A couple more weeks go by and critics start pointing out that the whole idea was ripped-off a YouTube rip-off of a rip-off. Out there in the blogosphere the demographic is yawning; people are saying that the whole ‘pimp-my’ thing has like, so been done before. Orders from Woolies and Coles are up, but word from sales is that product isn’t exactly flying off the shelves and word at the pub is that the guys over at Maggi are about to launch a TV campaign with a bunch of Olympic stars who claim that their noodles are the key to their success in Beijing; you hate those fuckers ’cause they have enough cash to pull stunts like that all year, but you only had enough budget to run Pimp My Kettle in prime-time for two months.

But that’s the brilliant thing see, even though your brand can’t afford the TV spend throughout the whole year, the website is going to keep working for you for at least the next 12 months, that’s the POWER of social media. In fact, you don’t even NEED TV because the Gen Y doesn’t even watch TV anymore anyway (that Forrester Research survey confirmed it).

Jeez, imagine if it really took off and became a fad, like the ‘Will it Blend‘ stuff. It could SO happen! The focus groups loved the content, it even made your mum laugh and she doesn’t laugh at anything, imagine if you started a whole new trend in kettle-pimping, it could take off around the world and imagine what that would do for the brand! The reach would be phenomenal and everyone would know it was your baby.

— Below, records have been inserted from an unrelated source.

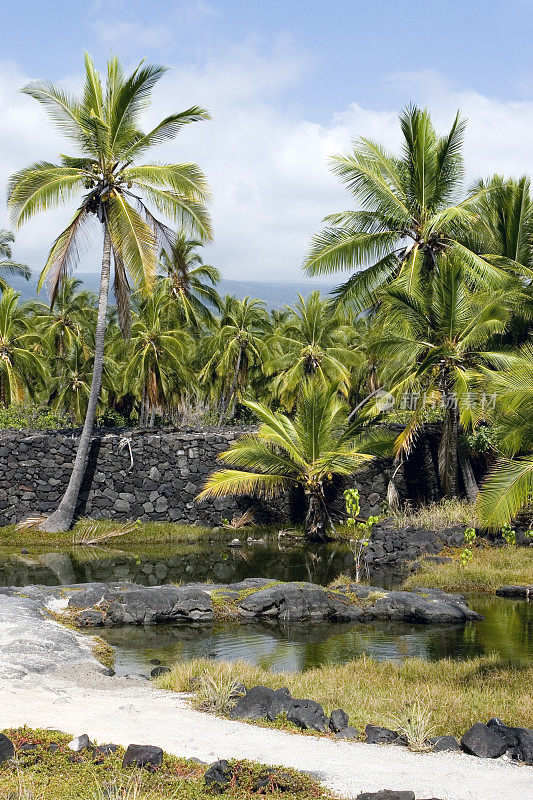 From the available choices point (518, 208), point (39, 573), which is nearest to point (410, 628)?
point (39, 573)

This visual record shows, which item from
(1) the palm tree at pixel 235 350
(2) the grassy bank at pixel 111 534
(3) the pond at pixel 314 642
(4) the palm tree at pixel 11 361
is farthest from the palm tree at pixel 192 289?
(3) the pond at pixel 314 642

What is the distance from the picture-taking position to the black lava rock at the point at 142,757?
19.7 ft

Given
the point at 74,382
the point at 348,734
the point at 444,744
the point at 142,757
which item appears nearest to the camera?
the point at 142,757

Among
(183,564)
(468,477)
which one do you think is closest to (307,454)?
(468,477)

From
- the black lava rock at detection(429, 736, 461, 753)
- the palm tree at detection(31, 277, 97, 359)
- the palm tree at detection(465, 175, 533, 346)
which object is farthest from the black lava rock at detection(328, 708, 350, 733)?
Result: the palm tree at detection(31, 277, 97, 359)

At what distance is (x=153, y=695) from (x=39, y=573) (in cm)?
863

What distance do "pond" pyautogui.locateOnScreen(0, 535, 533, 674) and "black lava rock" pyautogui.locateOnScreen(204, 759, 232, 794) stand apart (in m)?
4.29

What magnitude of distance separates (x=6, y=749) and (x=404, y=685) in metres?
4.68

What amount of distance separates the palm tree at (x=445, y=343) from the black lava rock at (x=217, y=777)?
13885 millimetres

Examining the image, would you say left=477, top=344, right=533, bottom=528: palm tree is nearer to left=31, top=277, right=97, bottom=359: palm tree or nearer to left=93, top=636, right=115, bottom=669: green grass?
left=93, top=636, right=115, bottom=669: green grass

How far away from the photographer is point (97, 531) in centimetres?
2117

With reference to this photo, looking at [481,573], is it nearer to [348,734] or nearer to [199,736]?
[348,734]

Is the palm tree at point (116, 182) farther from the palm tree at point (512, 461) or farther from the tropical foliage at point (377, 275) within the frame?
the palm tree at point (512, 461)

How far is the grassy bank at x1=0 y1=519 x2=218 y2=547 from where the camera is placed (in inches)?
800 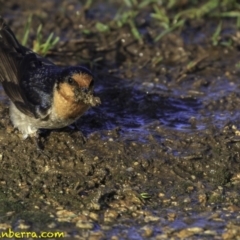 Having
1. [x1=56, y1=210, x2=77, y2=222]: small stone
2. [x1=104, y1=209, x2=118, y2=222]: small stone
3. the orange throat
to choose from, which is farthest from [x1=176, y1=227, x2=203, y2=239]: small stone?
the orange throat

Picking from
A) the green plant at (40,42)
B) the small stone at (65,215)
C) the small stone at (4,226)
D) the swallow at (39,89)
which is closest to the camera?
the small stone at (4,226)

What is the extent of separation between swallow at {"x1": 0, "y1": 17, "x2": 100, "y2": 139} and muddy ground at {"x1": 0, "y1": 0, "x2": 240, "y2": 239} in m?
0.17

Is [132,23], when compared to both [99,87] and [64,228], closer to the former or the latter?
[99,87]

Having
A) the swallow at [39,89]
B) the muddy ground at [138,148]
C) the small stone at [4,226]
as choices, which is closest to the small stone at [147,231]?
the muddy ground at [138,148]

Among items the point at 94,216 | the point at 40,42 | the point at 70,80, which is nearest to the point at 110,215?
the point at 94,216

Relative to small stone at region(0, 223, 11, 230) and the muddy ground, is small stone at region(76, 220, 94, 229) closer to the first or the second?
the muddy ground

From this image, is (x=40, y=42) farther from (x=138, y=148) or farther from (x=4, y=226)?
(x=4, y=226)

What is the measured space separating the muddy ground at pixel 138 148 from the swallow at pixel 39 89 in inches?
6.5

OK, LOL, so that probably won’t happen, but man, you’re using social media in a real proper tie-in campaign, you should be super-proud. In fact, you probably should put that on your resume; ‘implemented social media marketing campaign to boost product sales by X%’. No wait, better make it ‘XX%’! Screw that, make it ‘XXX%’ you can fill in the exact figures later, when you find out what they are. They’ll be three figures for sure - that’s the power of social media! There’s just no way this could possibly go wrong.